Qui les utilise ? Meta, qui propose depuis novembre son abonnement sur Facebook et Instagram, est la première grande plateforme sociale à avoir choisi cette formule. Le groupe est aujourd’hui visé par plusieurs plaintes en Autriche, à Bruxelles et fait l’objet d’un signalement en France à la DGCCRF. X ou YouTube (Google) adoptent des approches différentes en offrant des fonctionnalités payantes supplémentaires ou en permettant de refuser gratuitement le ciblage. Tiktok n’a encore confirmé que le test d’un abonnement en Europe. «Si Meta s’en sort, ses concurrents ne tarderont pas à lui emboîter le pas», craint le juriste autrichien Max Schrems, surnommé «la bête noire des Gafa». Selon une étude parue le 26 novembre, 431 sites utilisent un «paywall». 27% sont des médias, qui avaient largement pris les devants, mais la pratique se généralise. 317 sites sont en Allemagne, où les internautes peuvent acquérir un «contentpass» à 3 euros/ mois pour l’ensemble des sites, 42 en France, 27 en Italie et 22 en Autriche.

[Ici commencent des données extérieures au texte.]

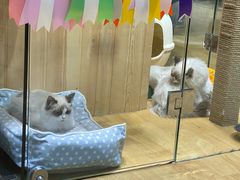 -藏猫猫咖啡主题馆(中央大道店)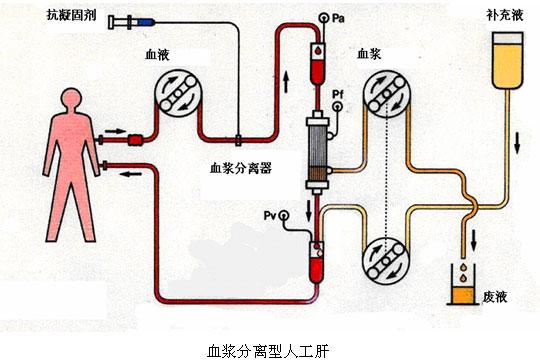 证件要求解析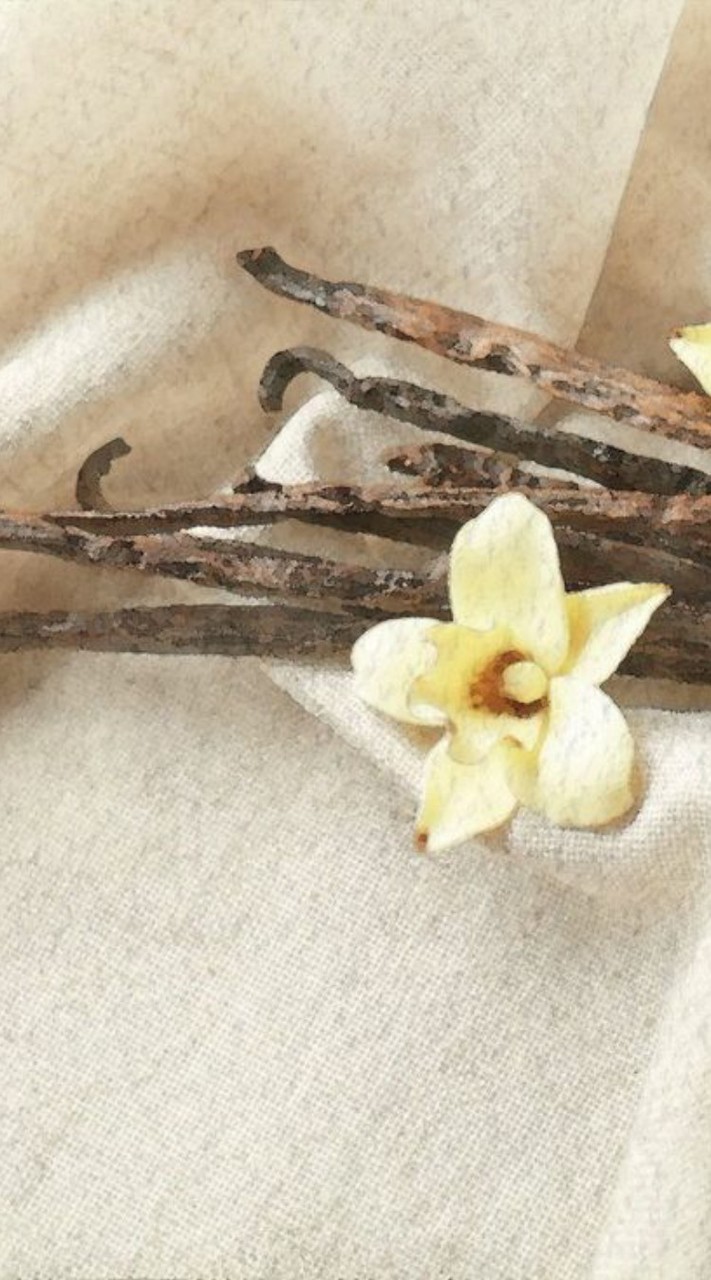 ༼ 𝐑𝐨𝐥𝐞𝐩𝐥𝐚𝐲  ˓. 𝐏𝐯 𝐠𝐫𝐨𝐮𝐩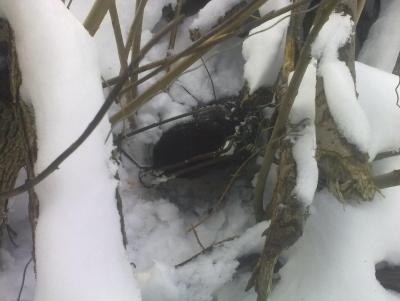 Прикрепленное изображение: 230220132408.jpg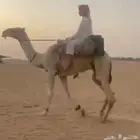ركبي طووع اوضح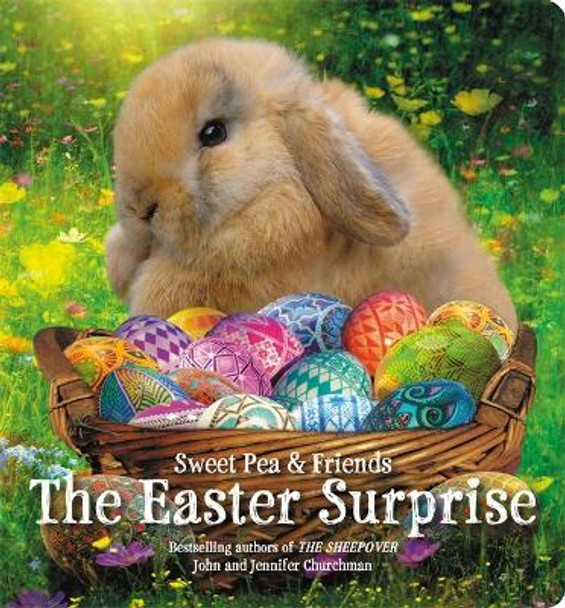 The Easter Surprise by Jennifer Churchman 9780316538220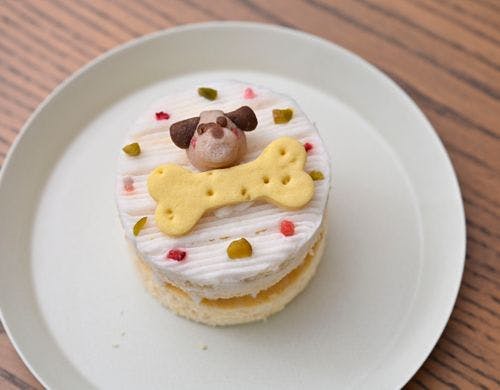 あさま空山望オリジナルわんちゃんのケーキ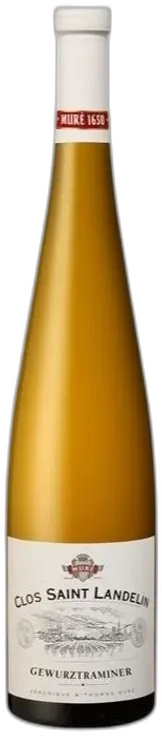 vue du vin Gewurztraminer Grand Cru Hengst Zind Humbrecht Alsace d’Exception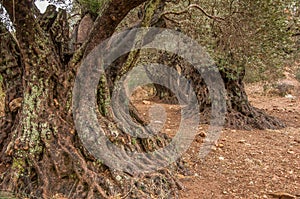 Magical old olive trees, olive grove,botany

Pour Nicolas Rieul, président de l’IAB France qui regroupe les acteurs de la publicité numérique, la proposition d’un abonnement «est une bonne chose car cela valorise la publicité, qui permet de rémunérer les producteurs de contenus et les services en ligne», a-t-il déclaré jeudi lors du Forum de l’Alliance Digitale à Paris. Le système toutefois «ne s’applique pas à tout le monde», notamment dans le secteur du commerce en ligne où les boutiques ont tout intérêt à ne pas empêcher leur libre consultation.